## Given entries
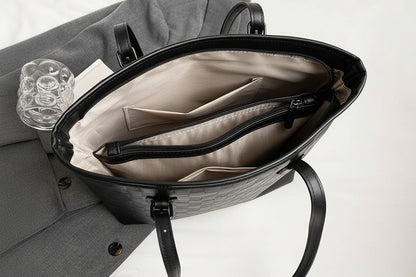 Vegan Leather Large Capacity Woven City Tote Bag:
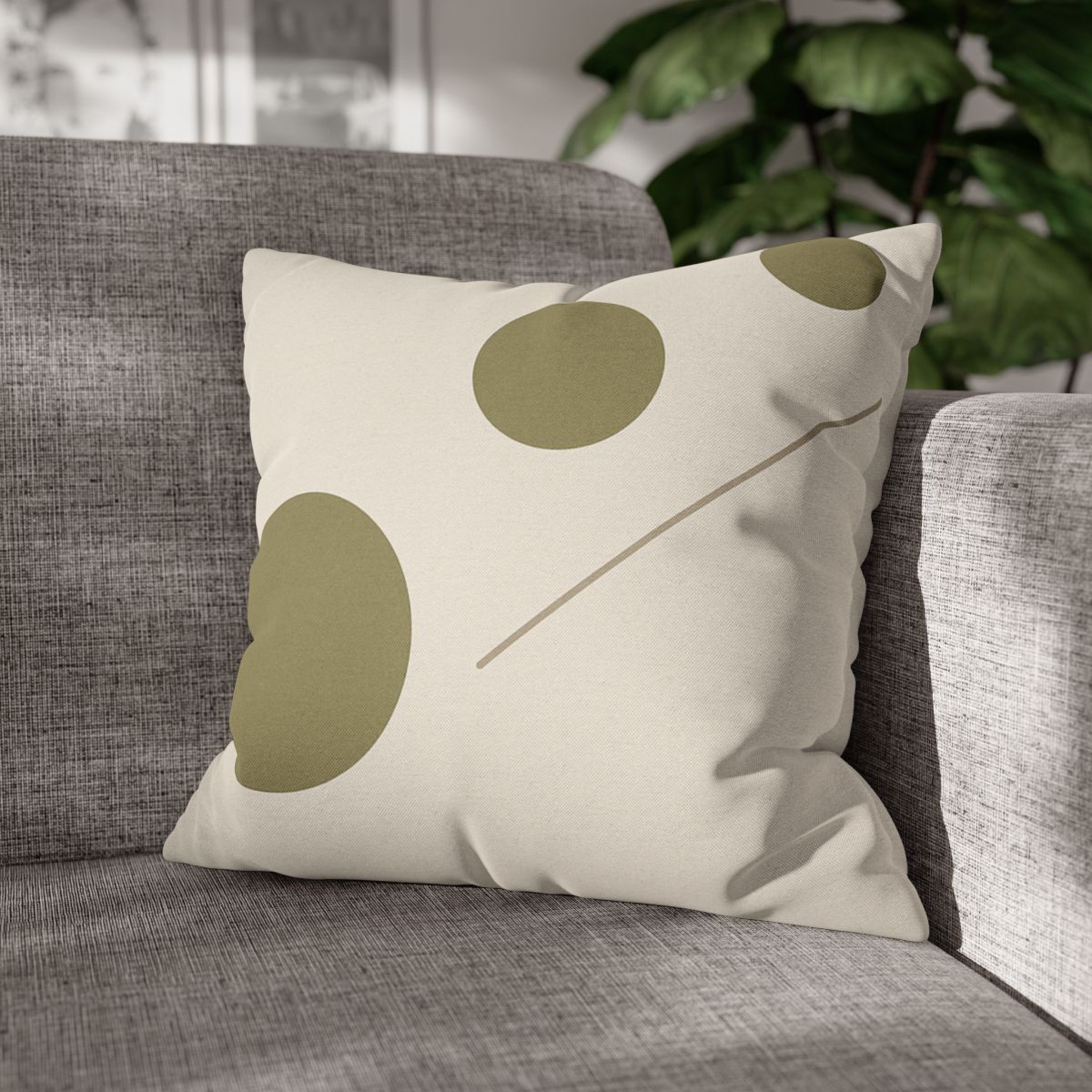 Triad Of Circles With Open Line soft cotton pillow cases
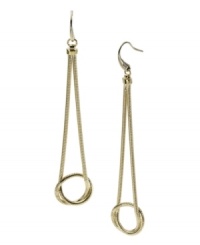 Coiled charm. These snake chain earrings from Michael Kors make for stunning style. Crafted in gold tone mixed metal. Approximate drop: 2-3/4 inches.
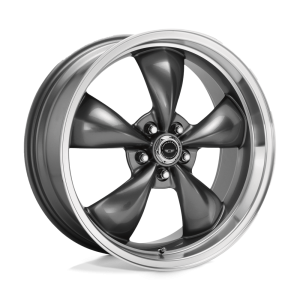 17″ AMERICAN RACING WHEELS MODERN AR105 TORQ THRUST M ANTHRACITE MACHINED LIP RIMS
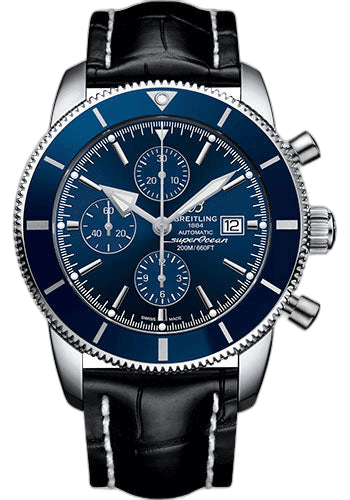 Superocean Heritage II Chronograph 46 Watch - Steel Case - Gun Blue Dial - Black Croco Strap - A1331216/C963/761P/A20D.1 46mm — Breitling Ref. A1331216/C963/761P/A20D.1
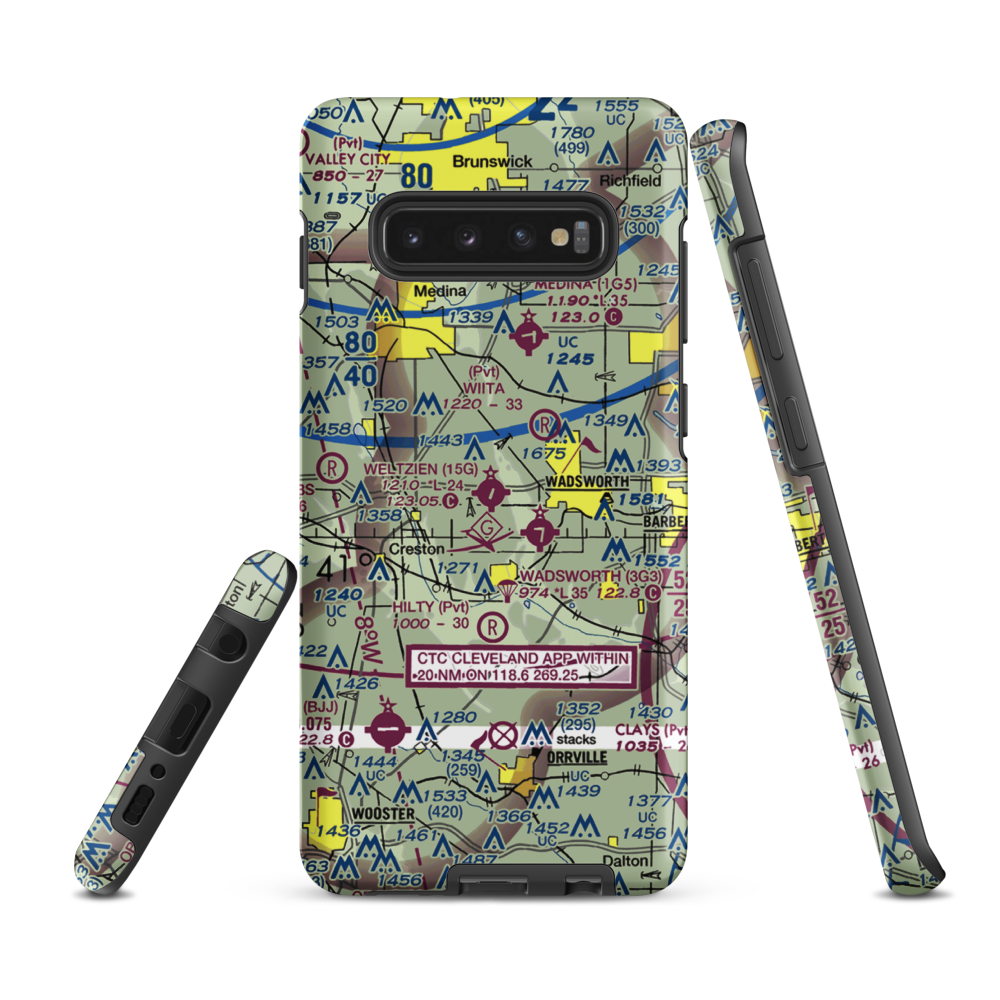 Weltzien Skypark Airport (15G) VFR Sectional Samsung Phone Case Samsung Galaxy S10 Plus model shown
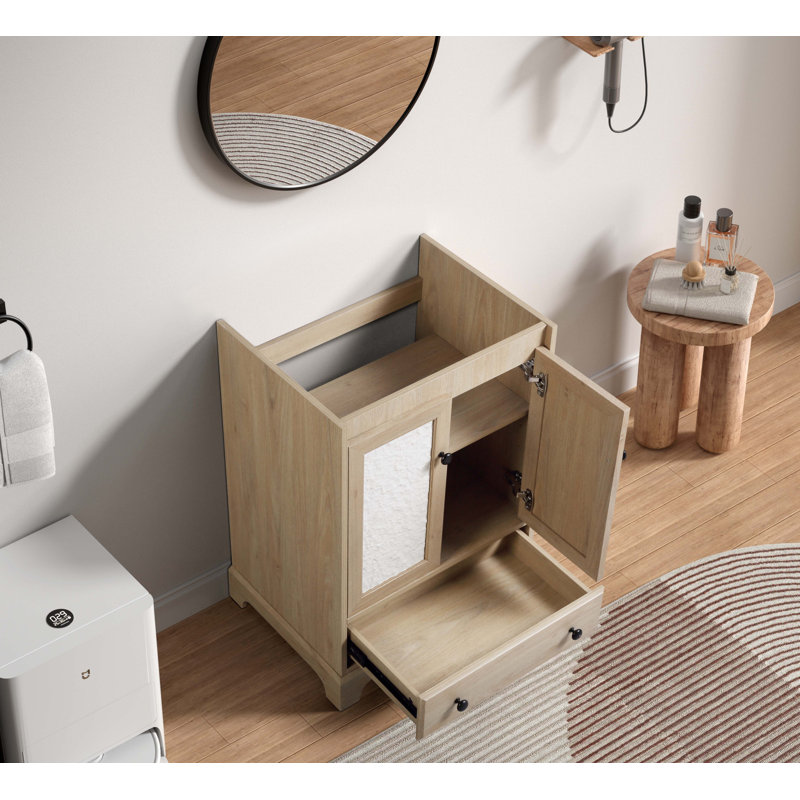 Base de meuble-lavabo de salle de bain en bois prêt à assembler 24 po de largeur sans lavabo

## Work instruction
In the records above, locate the line containing "Weltzien Skypark Airport", then copy exactly that line and every line after it through the end, omitting pictures.

## The answer
 Weltzien Skypark Airport (15G) VFR Sectional Samsung Phone Case Samsung Galaxy S10 Plus model shown
 Base de meuble-lavabo de salle de bain en bois prêt à assembler 24 po de largeur sans lavabo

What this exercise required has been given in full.